A estrutura deve incluir um time de alto potencial para fazer a inovação acontecer. Outro ponto crucial é o engajamento da alta liderança, que tem que aprender a lidar com a incerteza, que vai ser natural para essas iniciativas, e precisa patrocinar para que elas aconteçam, garantindo que a organização colabore com elas, removendo barreiras que eventualmente vão surgir.
É importante cultivar a mentalidade test and learn: falhas fazem parte da jornada e aprender com elas é essencial para o caminho de sucesso rumo à inovação.

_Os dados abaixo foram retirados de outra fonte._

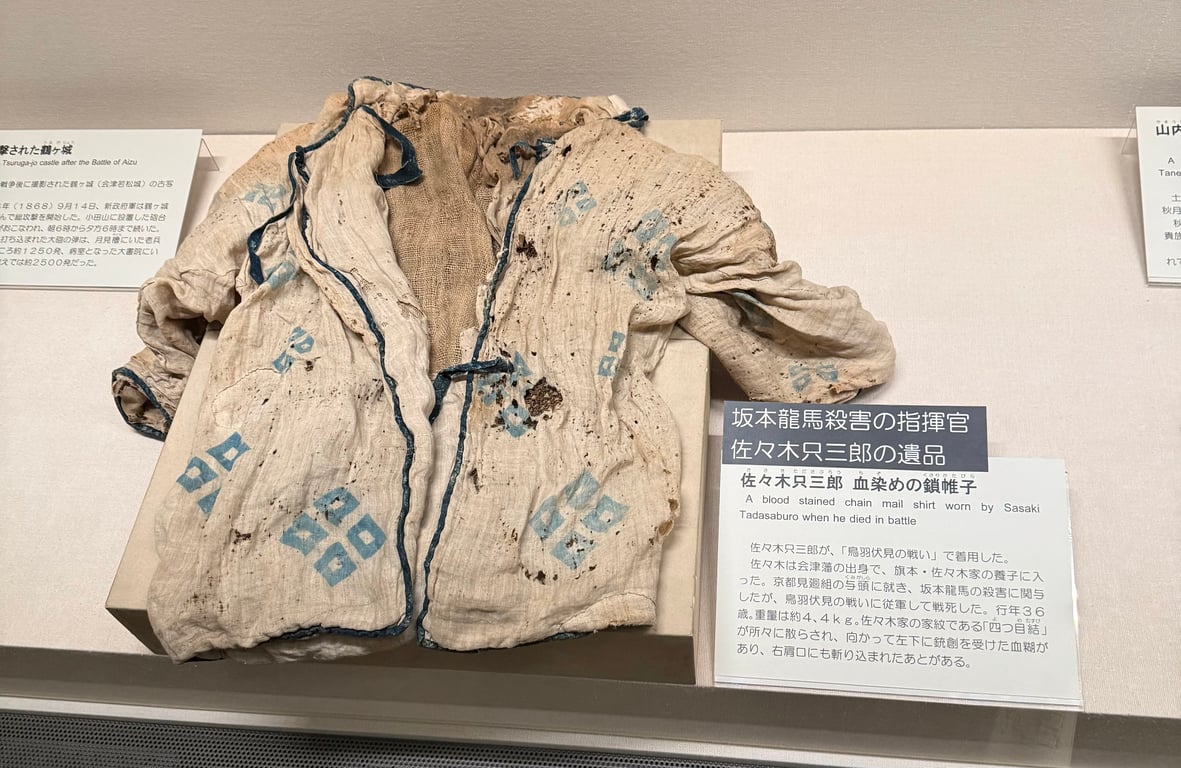 筆者攝於京都靈山歷史館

Ao final, constatamos então que construir o futuro de uma organização onde exista um crescimento sustentável e ela esteja pronta para lidar com possíveis disrupções não envolve fundamentalmente bolas de cristal nem a presença de líderes “visionários”, e sim outros elementos bastante objetivos, entre eles: garantir a abertura para captação de sinais de futuro, que já aparecem no presente, por meio de pesquisa e análise minuciosa do mercado e seus consumidores, além de mudanças na estrutura da empresa que vão garantir o estímulo a um mindset de testagem e aprendizado, e de maior resiliência ao risco.
Assim, de forma estruturada, por meio de uma abordagem future back, é possível garantir que a organização esteja pronta para gerar valor em um cenário futuro em que disrupções tecnológicas, culturais e de consumo não serão apenas uma possibilidade, mas sim uma realidade inevitável.